**TASK TO CARRY OUT**
In the data below, locate the line containing "Monoclonal Antibody to Tenascin C (TNC)" and the line containing "Секторальная резекция молочной", then retype both and everything between them exactly. Pictures are not part of the copy.

**RECORDS FOR THIS TASK**
· · · ·
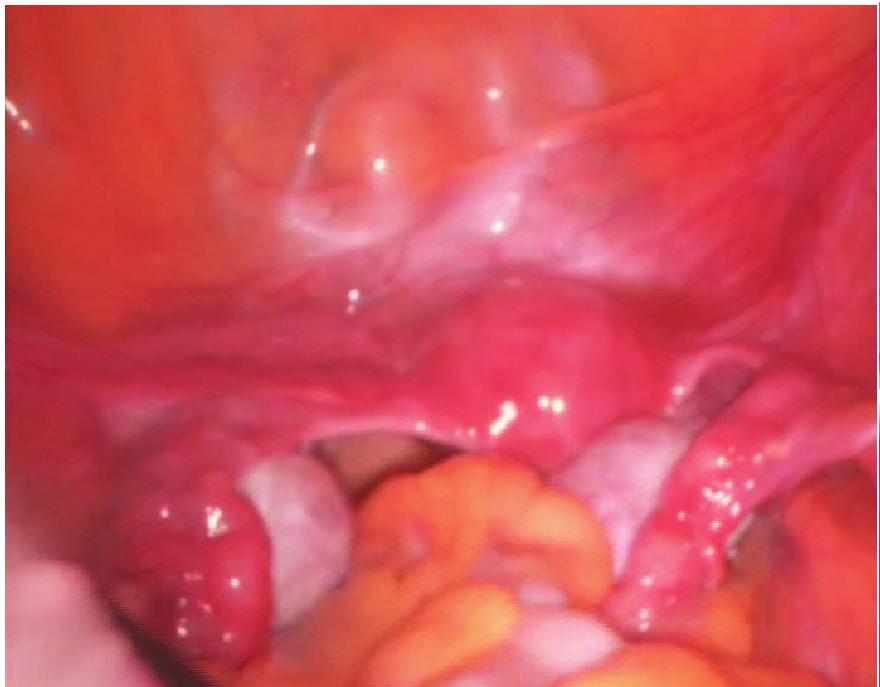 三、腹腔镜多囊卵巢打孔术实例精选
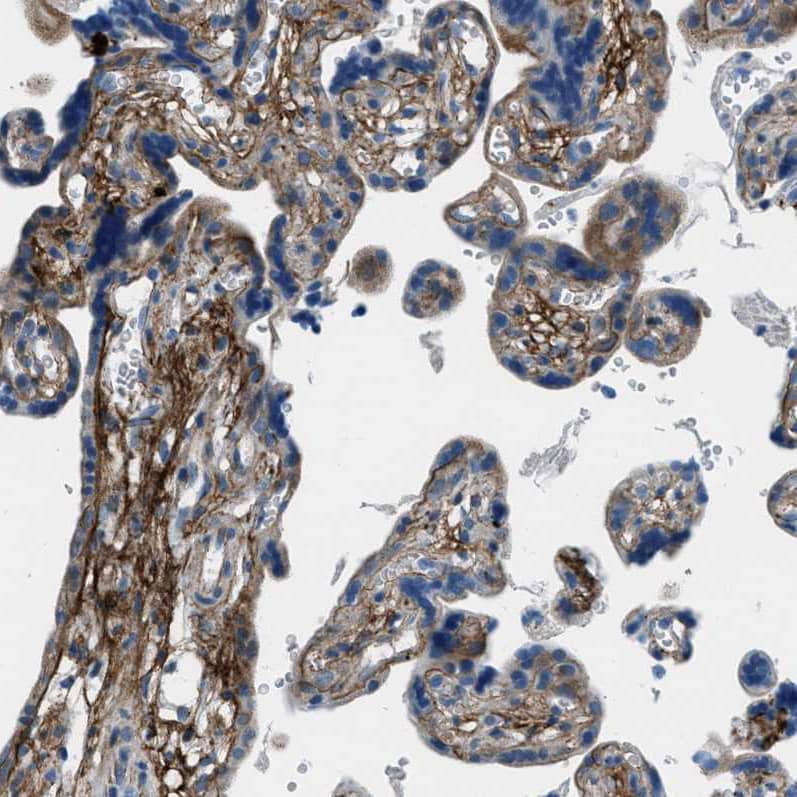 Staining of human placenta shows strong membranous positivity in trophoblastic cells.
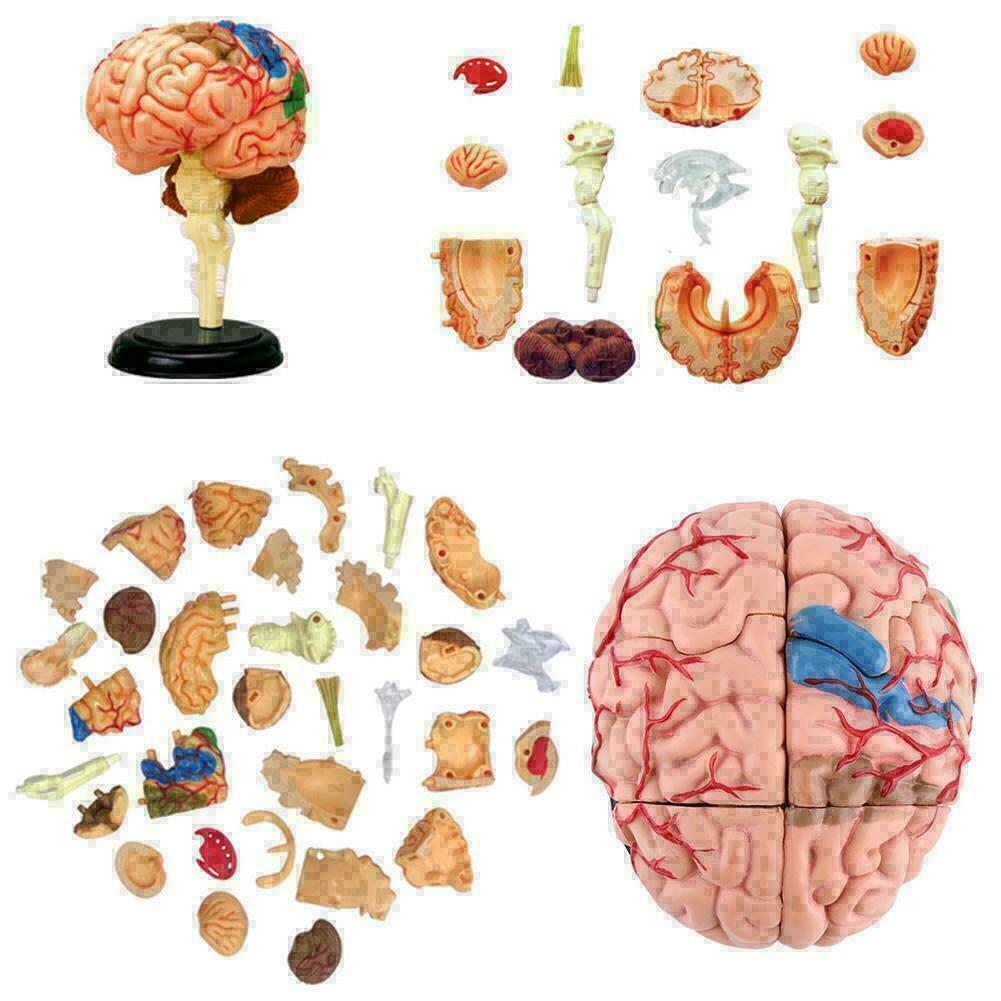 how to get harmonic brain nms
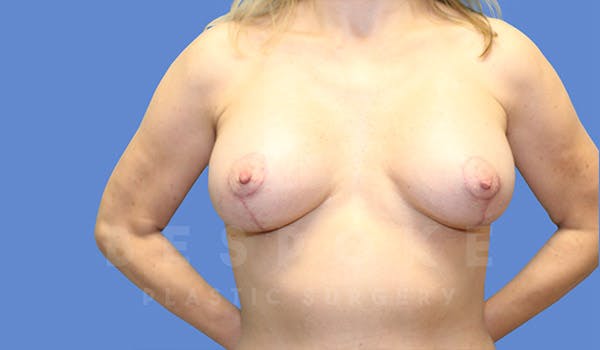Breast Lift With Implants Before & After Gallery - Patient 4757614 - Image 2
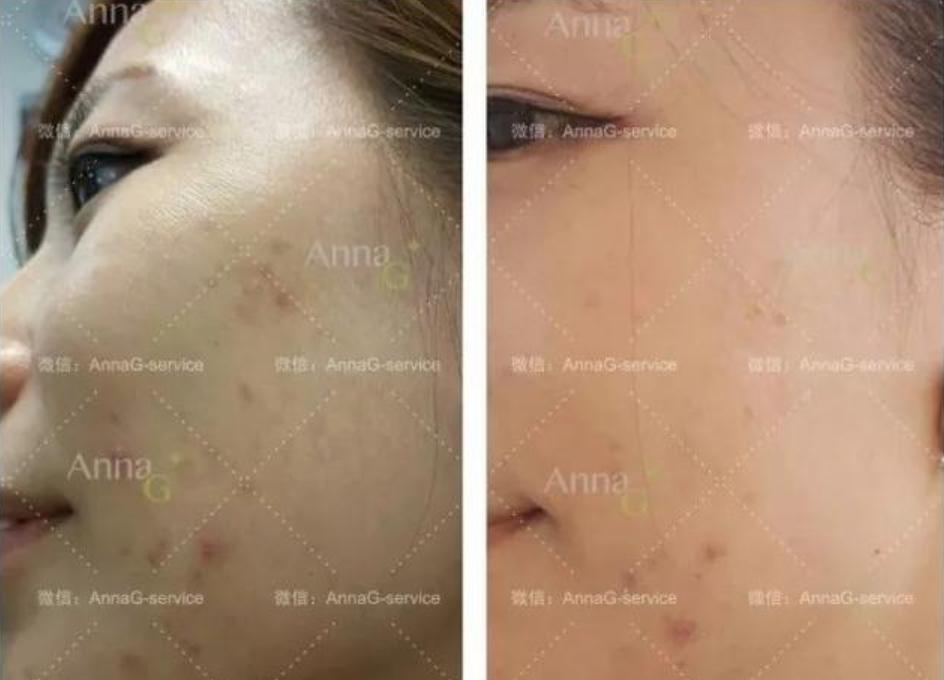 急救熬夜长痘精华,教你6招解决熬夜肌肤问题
· · · ·
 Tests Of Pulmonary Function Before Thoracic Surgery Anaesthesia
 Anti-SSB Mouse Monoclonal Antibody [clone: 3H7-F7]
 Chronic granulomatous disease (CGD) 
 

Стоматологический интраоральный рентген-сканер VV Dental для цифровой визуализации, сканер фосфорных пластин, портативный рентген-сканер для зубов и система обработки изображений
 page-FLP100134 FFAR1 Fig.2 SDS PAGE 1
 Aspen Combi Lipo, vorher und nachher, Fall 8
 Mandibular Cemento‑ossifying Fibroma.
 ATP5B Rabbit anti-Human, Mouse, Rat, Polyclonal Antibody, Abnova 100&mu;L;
· · · ·
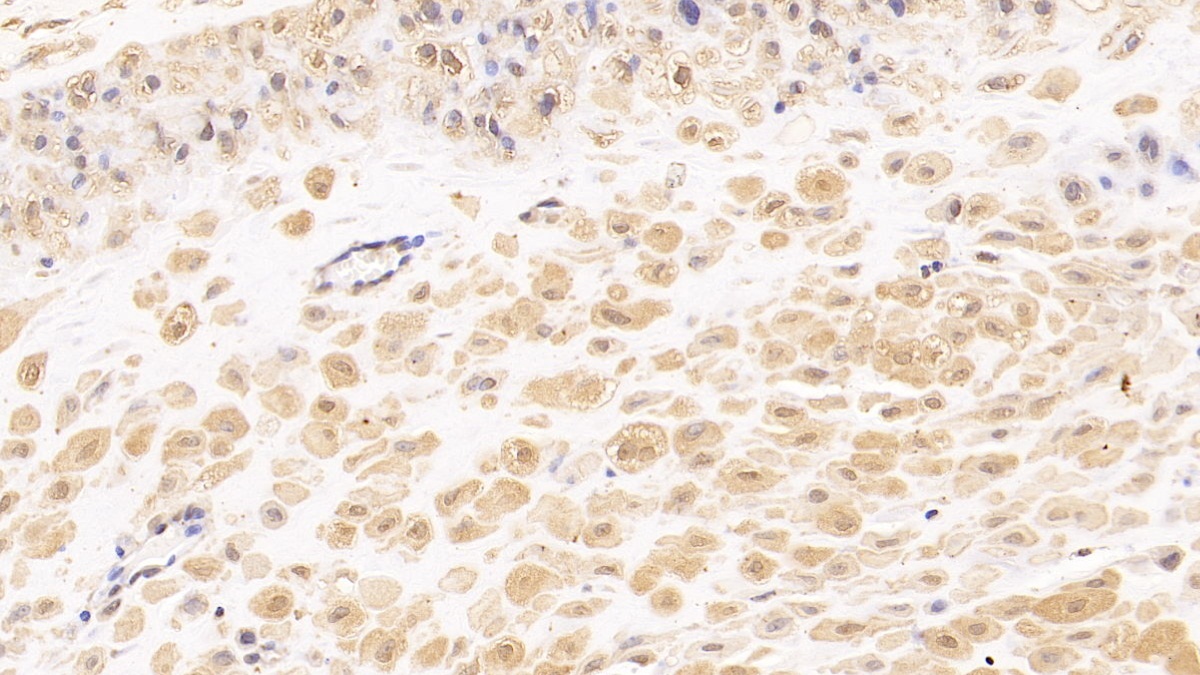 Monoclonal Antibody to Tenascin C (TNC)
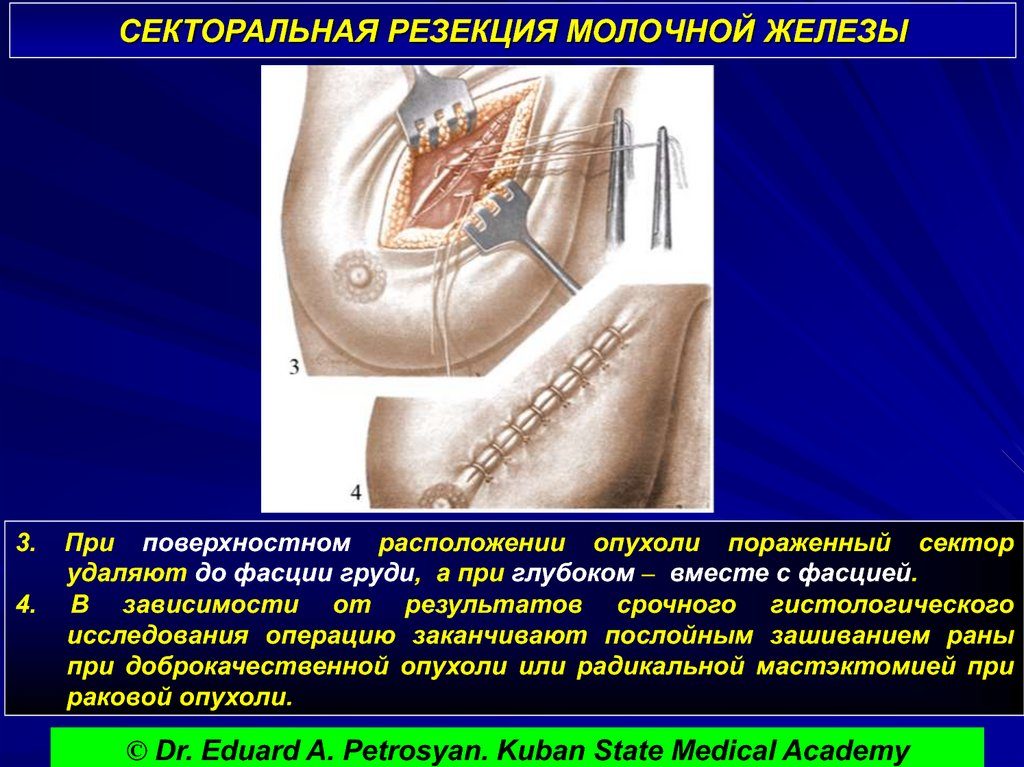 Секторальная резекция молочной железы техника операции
· · · ·
**OUTPUT FOR THIS TASK**
 Monoclonal Antibody to Tenascin C (TNC)
 Секторальная резекция молочной железы техника операции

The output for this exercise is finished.